After purchasing these elements late 2017, we've had several outings with them now and feel comfortable enough to finally put a review into the wild.

The process started at InfoComm where we were able to listen to a wide variety of rigs across various tiers of scale and brands. I cannot stress how important it is to "test drive" equipment like this in person before coming to a final decision. Reading reviews and scouring forums can only get you so far, because there will always be some subjectiveness present and sometimes it’s the subtle nuances you can only experience in-person that make or break a rig. We ended up listening to everything twice over the course of the event just to let the "shock and awe" wear off so we could really nitpick what we were hearing. We also spent a lot of time actually touching the equipment and familiarizing ourselves with workflows, features and build quality. We were impressed with how crisp the highs were without going into icepick territory, and how clear the mids were, beating out several other much more expensive options in larger form factors. The funny thing is that going into this we were not even considering the EAWs and they took us completely by surprise. That also goes to show how important it is to hear EVERYTHING available, not just what you're interested in.

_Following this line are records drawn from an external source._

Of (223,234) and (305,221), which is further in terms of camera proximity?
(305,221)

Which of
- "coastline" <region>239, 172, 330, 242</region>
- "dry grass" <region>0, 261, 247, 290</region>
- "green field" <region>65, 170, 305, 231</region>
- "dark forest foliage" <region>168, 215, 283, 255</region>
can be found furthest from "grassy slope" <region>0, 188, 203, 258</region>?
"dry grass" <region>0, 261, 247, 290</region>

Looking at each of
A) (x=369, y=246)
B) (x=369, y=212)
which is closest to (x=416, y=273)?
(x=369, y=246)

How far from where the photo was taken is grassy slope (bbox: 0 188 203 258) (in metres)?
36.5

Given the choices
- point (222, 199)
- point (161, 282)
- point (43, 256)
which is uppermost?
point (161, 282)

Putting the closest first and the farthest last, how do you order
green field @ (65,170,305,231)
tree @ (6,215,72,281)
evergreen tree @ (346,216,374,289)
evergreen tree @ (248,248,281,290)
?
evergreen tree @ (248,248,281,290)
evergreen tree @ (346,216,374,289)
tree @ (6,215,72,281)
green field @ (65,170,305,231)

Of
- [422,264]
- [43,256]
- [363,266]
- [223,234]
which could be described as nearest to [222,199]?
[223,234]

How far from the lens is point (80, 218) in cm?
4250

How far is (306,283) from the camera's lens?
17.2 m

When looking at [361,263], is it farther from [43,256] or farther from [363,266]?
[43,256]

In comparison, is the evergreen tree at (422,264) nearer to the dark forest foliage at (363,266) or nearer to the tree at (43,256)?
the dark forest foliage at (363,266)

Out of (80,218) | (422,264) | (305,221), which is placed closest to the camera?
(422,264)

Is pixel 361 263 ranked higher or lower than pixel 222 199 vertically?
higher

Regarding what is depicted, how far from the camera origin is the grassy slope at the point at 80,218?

For full transparency, our selection methodology was weighted heavily in three areas: Value, Ease of Use, and Sound Quality.

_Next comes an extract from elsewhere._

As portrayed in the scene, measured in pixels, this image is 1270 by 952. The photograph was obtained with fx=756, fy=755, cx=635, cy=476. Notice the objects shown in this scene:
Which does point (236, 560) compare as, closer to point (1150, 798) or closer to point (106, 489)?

I say value instead of cost because let's be honest, if you're getting into this realm of equipment, it's going to be expensive no matter what you ultimately choose. However, we still had to balance that cost with what features and sound quality we were getting in return in order to make our final decision.

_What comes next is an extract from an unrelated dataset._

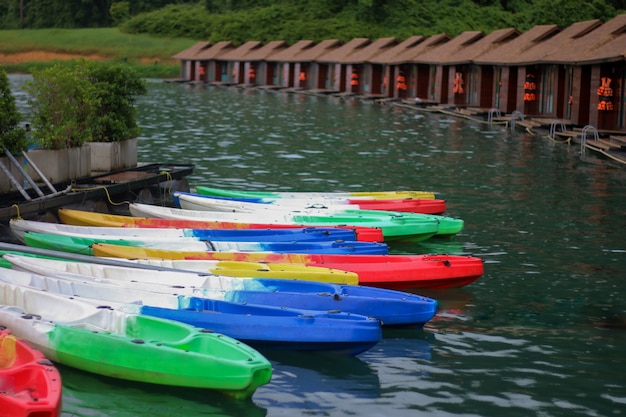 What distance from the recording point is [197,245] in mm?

Ease of use was another large consideration for us since we wanted a package that would let us deploy quickly and confidently with minimal time spent fine tuning after everything was in the air. We also wanted something that was self-powered to reduce the amount of outboard equipment we would need (racks, amps, processors, cabling, etc).

With the sampling and re-sampling complete, we made our decision shortly after the event and ordered 8 of the RSX208L elements and a pair of flybars. Our sales rep was great to deal with and had everything sorted and on its way to us in a couple days. Each set of four elements came in a rugged ATA case on 4” locking casters that had built in space for the included PowerCON and EtherCON cables, flybars and the elements themselves. The flybars also double as groundstack bases when inverted. There is also a pole mount adapter available that is capable of supporting two elements, but we did not opt for that piece of equipment as we already have the “speaker on a pole” part of our rental catalog well filled out.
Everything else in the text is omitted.